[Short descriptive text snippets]
---+---
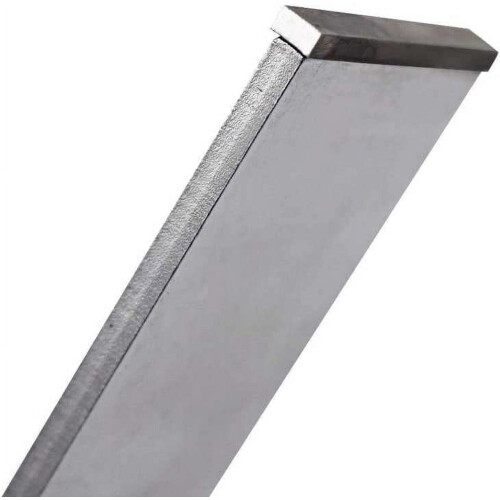 9532 Tungsten Carbide Gasket Scraper 2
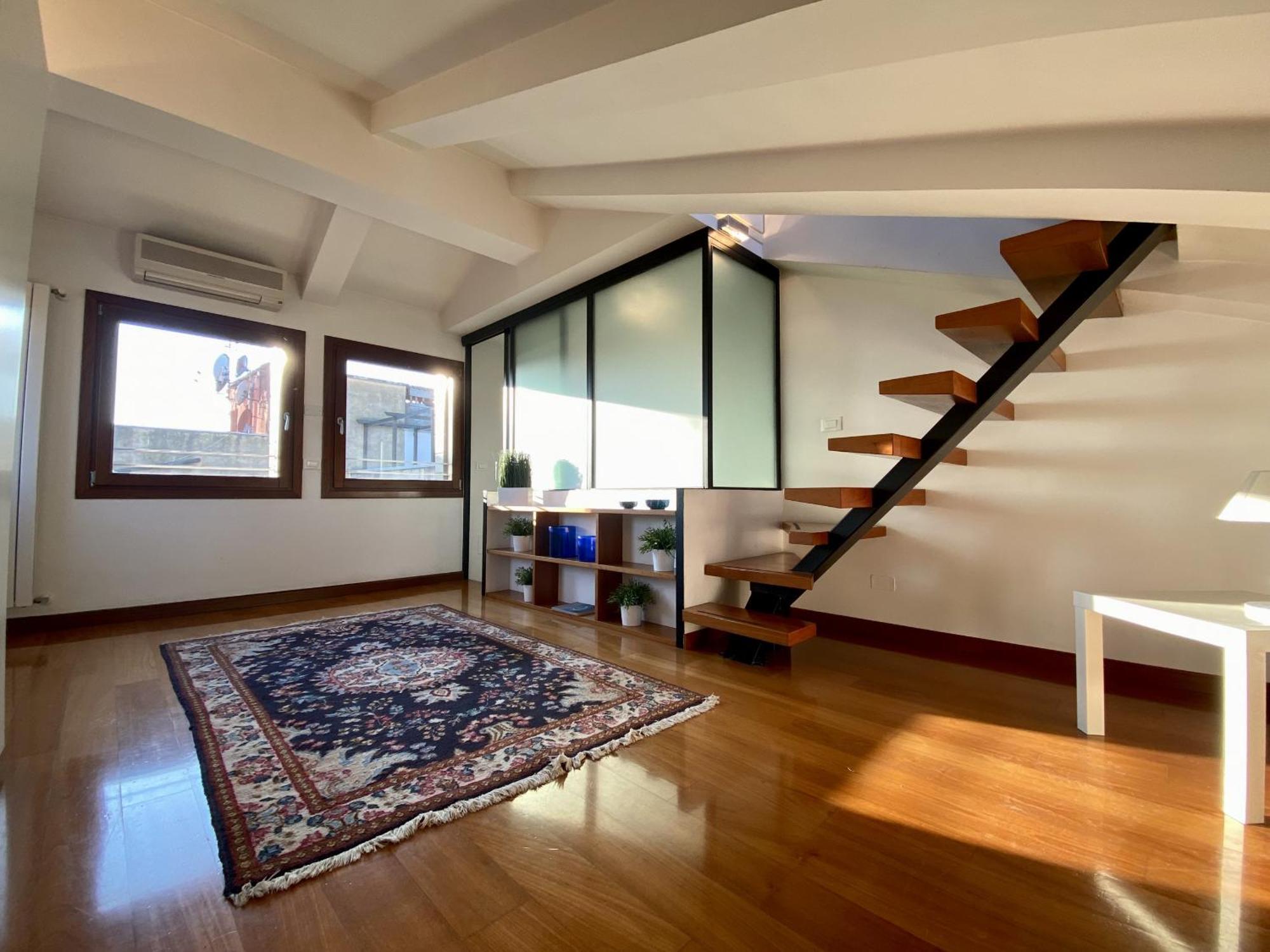 City Apartments Rialto Market Венеція Екстер'єр фото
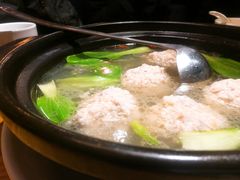 -茅炒屋龙虾·烧烤·湘菜(新河路店)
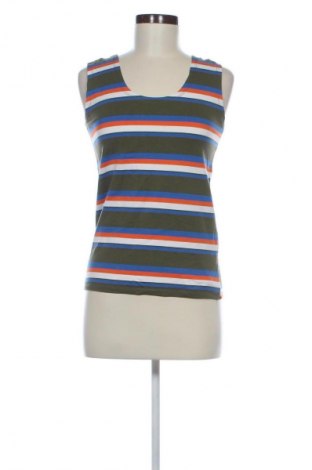 Top de femei Unbranded, Mărime M, Culoare Multicolor, Preț 16,99 Lei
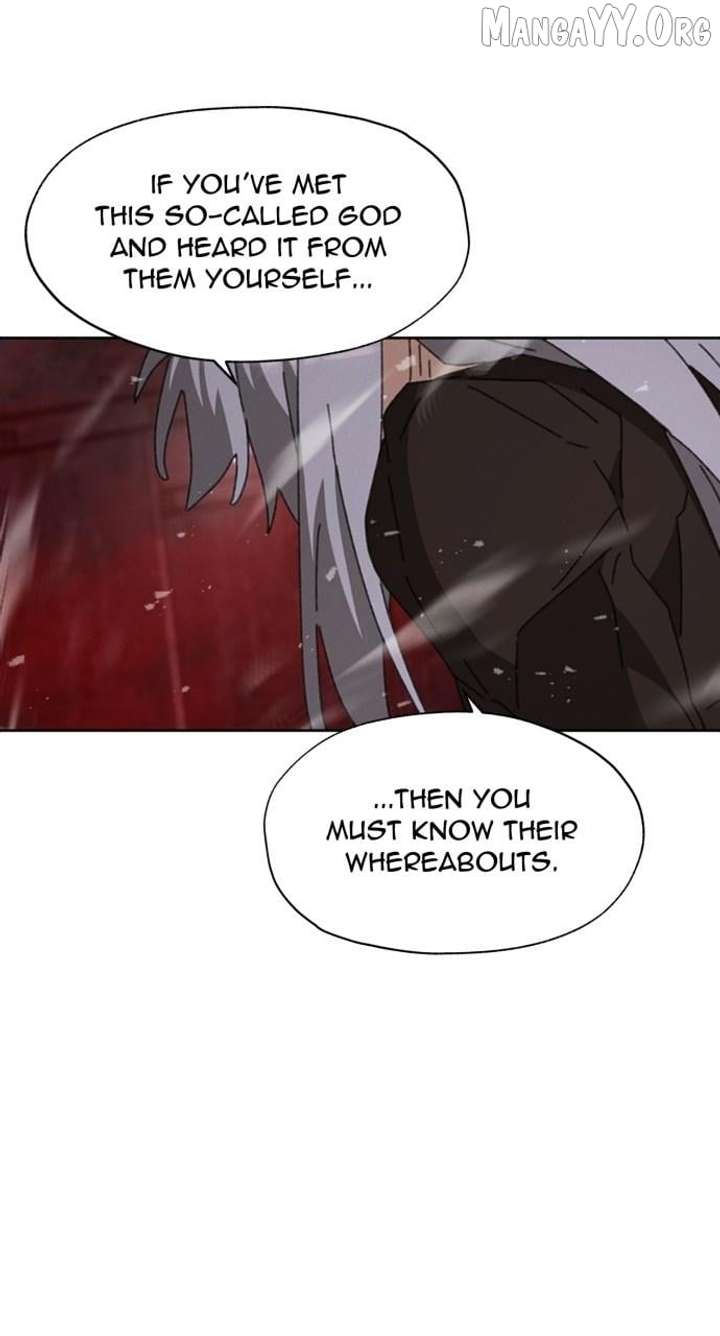 The Monsters’ Undertaker Chapter 15 297 05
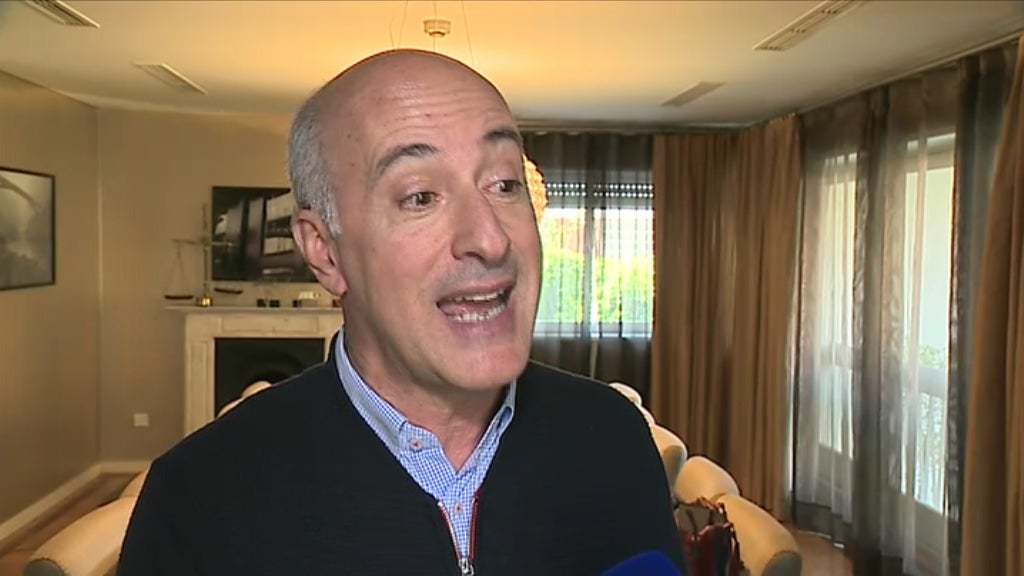 Banco Santander Totta condenado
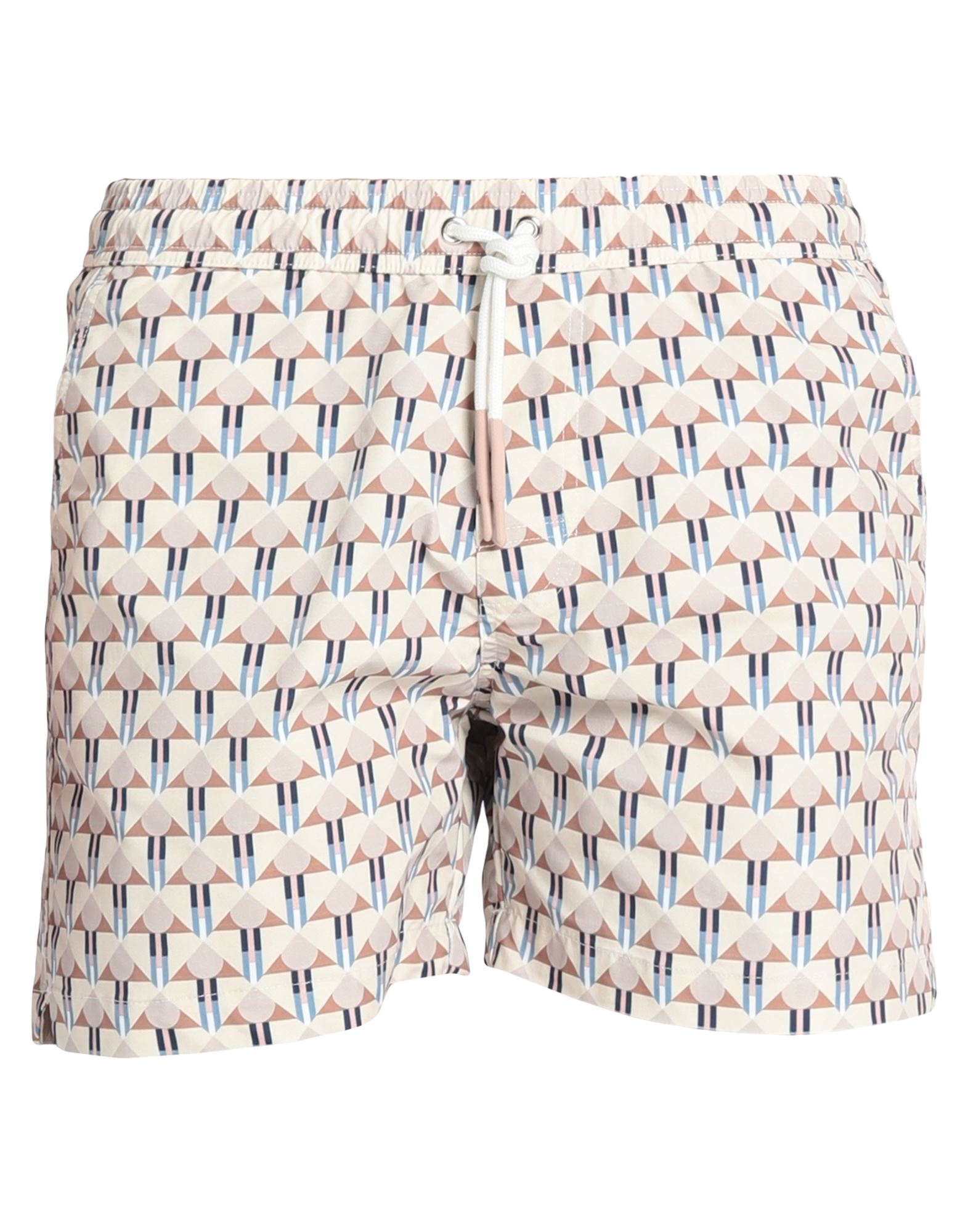 ELEVENTY - Swim trunks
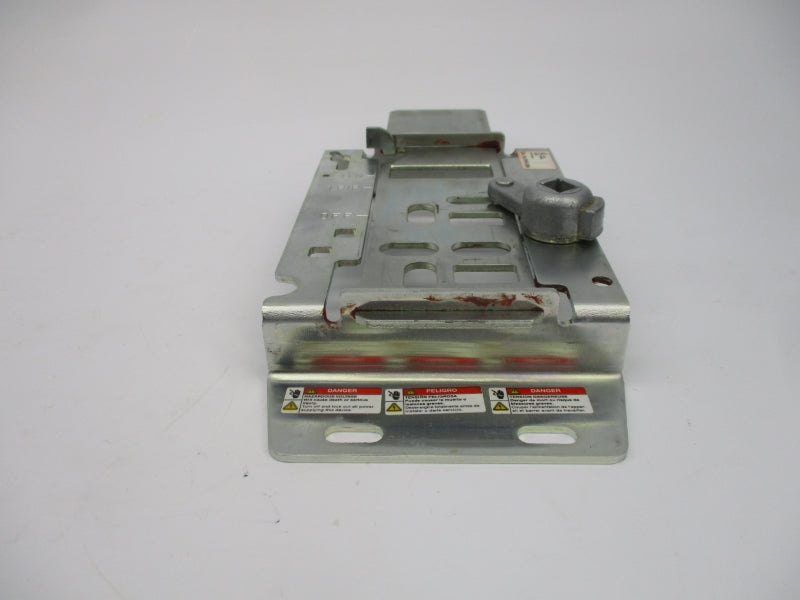 SIEMENS RHVLBM 3VL9400-3JE01 NSMP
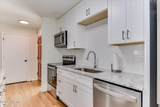 1209 Azalea Drive - Photo 15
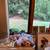 ESTATE SALE 19 thumbnail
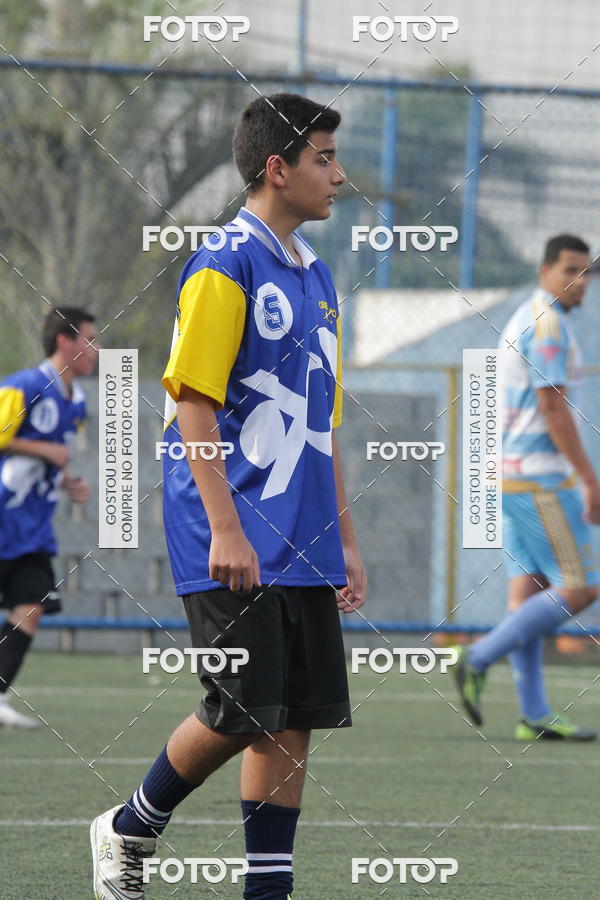 Buy your photos of the eventCampeonato Play FC 2018 - 1 Fase - 02/09 on Fotop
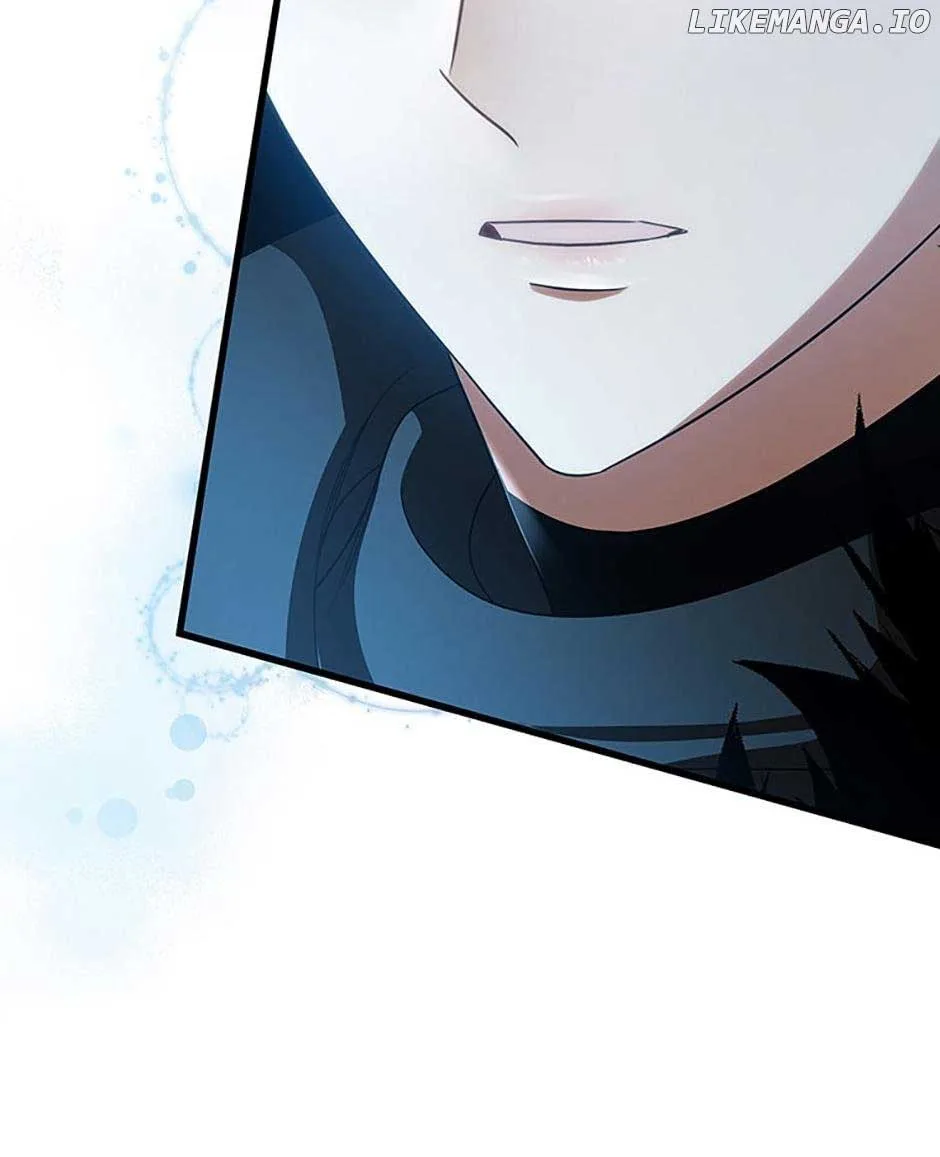 It’s My Destiny To Be The Hero’s Saviour Chapter 65 page 79
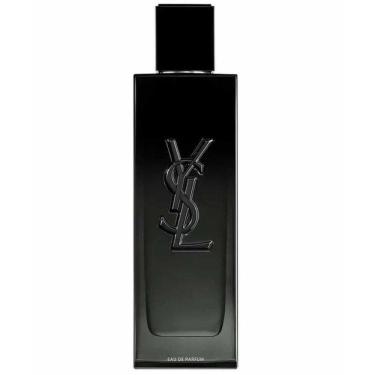 Imagem de Yves Saint Laurent - M Y S L F Eau De Parfum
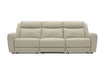 jacobus-manual-recliner-sofa2
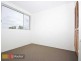 3/20 Alva Terrace, Gordon Park QLD 4031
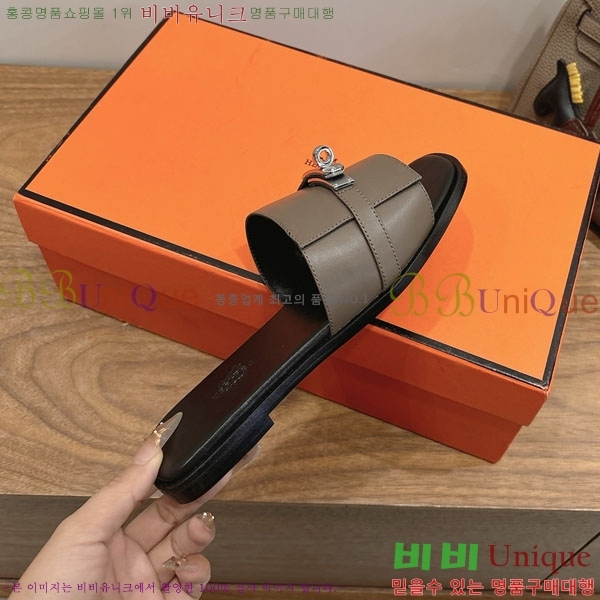 �����޽� ���� HE5006041-3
---+---
◆ Your objective ◆
The expected answer is an exact copy of the lines from the one containing "Banco Santander Totta condenado" through the last line of the entries above, both included, without pictures.

◆ Answer area ◆
 Banco Santander Totta condenado
 ELEVENTY - Swim trunks
 SIEMENS RHVLBM 3VL9400-3JE01 NSMP
 1209 Azalea Drive - Photo 15
 ESTATE SALE 19 thumbnail
 Buy your photos of the eventCampeonato Play FC 2018 - 1 Fase - 02/09 on Fotop
 It’s My Destiny To Be The Hero’s Saviour Chapter 65 page 79
 Imagem de Yves Saint Laurent - M Y S L F Eau De Parfum
 jacobus-manual-recliner-sofa2
 3/20 Alva Terrace, Gordon Park QLD 4031
 �����޽� ���� HE5006041-3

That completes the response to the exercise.